## [YOUR TASK]
Leave every picture out, and write out the remaining entries exactly.
START RECORDS FOR THIS TASK
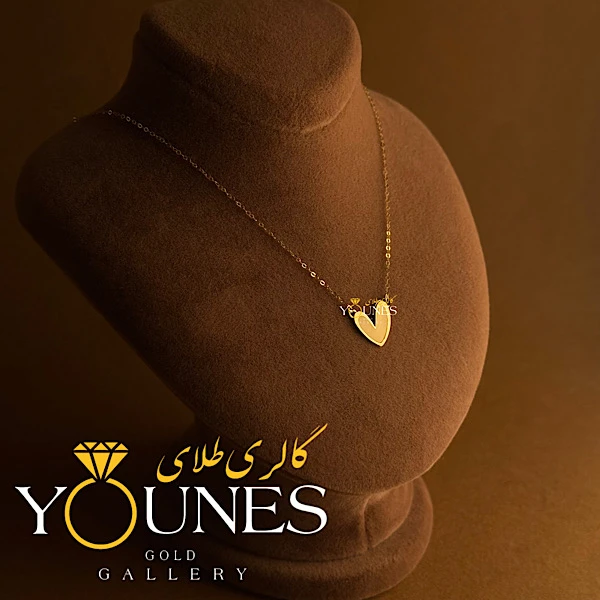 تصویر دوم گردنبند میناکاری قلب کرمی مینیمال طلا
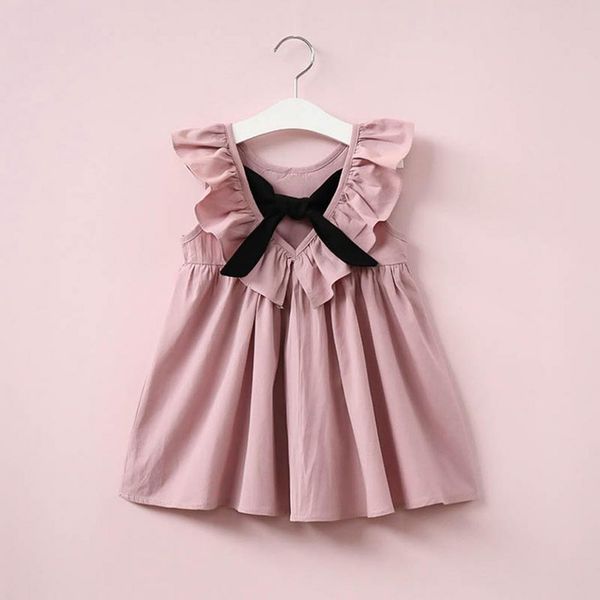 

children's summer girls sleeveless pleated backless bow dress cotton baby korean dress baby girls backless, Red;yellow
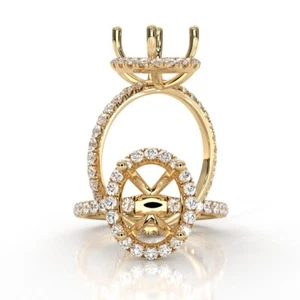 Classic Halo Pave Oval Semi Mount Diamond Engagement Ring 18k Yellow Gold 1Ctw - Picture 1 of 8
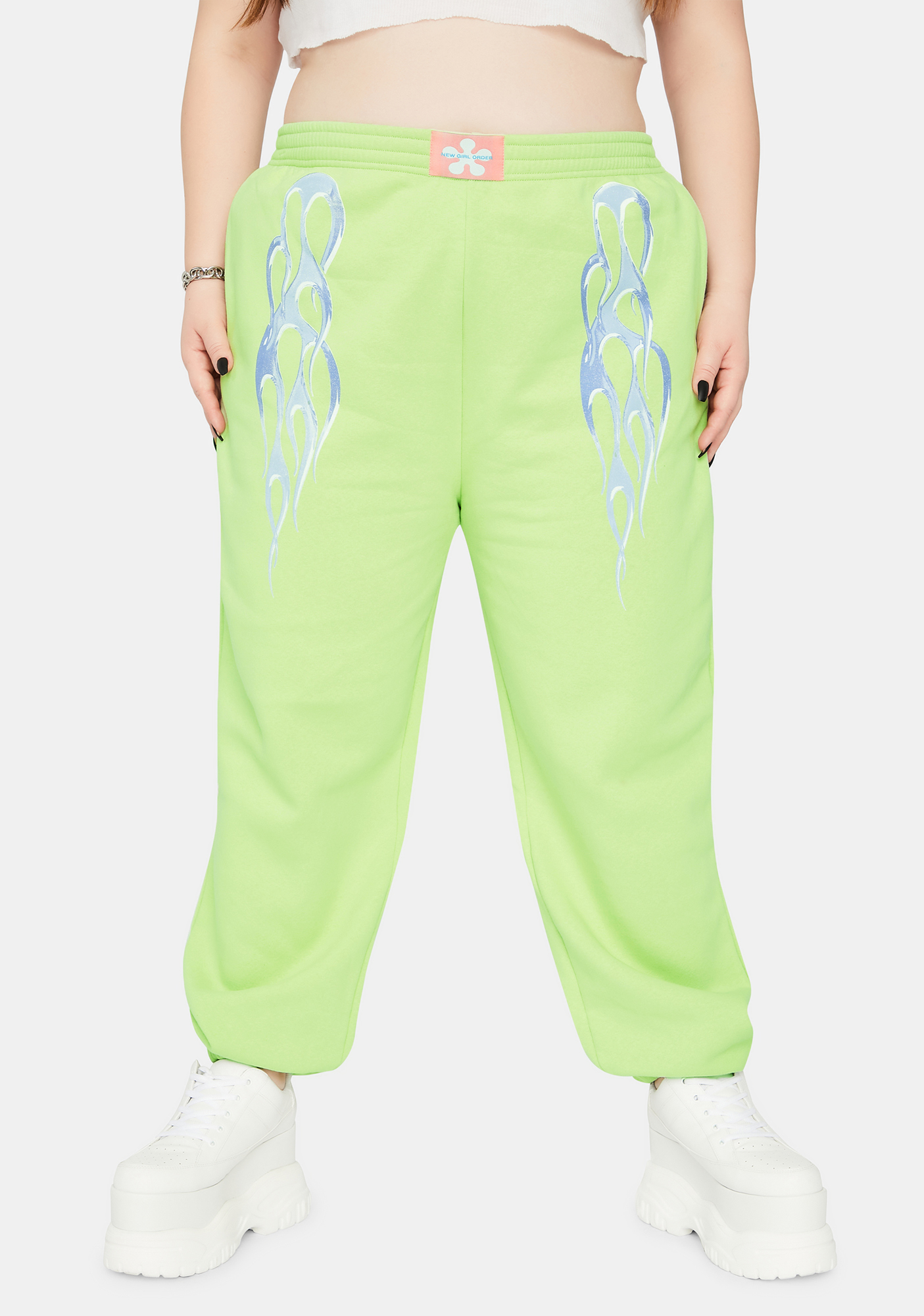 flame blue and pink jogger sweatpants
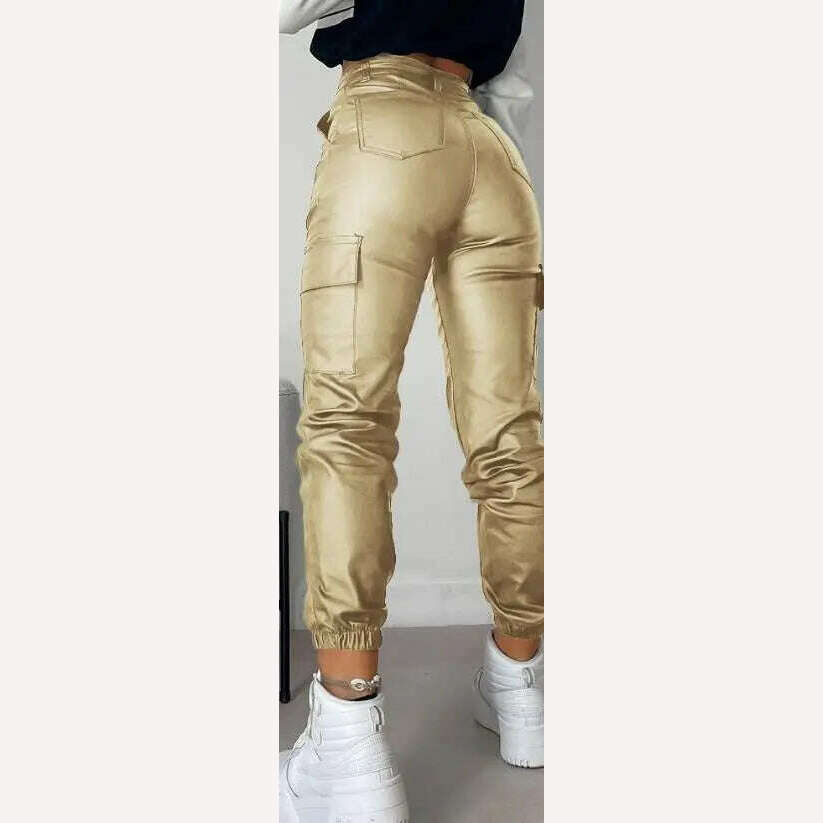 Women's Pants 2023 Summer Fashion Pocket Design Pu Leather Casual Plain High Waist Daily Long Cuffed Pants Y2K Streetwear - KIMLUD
END RECORDS FOR THIS TASK
## [TASK OUTPUT]
 تصویر دوم گردنبند میناکاری قلب کرمی مینیمال طلا

children's summer girls sleeveless pleated backless bow dress cotton baby korean dress baby girls backless, Red;yellow
 Classic Halo Pave Oval Semi Mount Diamond Engagement Ring 18k Yellow Gold 1Ctw - Picture 1 of 8
 flame blue and pink jogger sweatpants
 Women's Pants 2023 Summer Fashion Pocket Design Pu Leather Casual Plain High Waist Daily Long Cuffed Pants Y2K Streetwear - KIMLUD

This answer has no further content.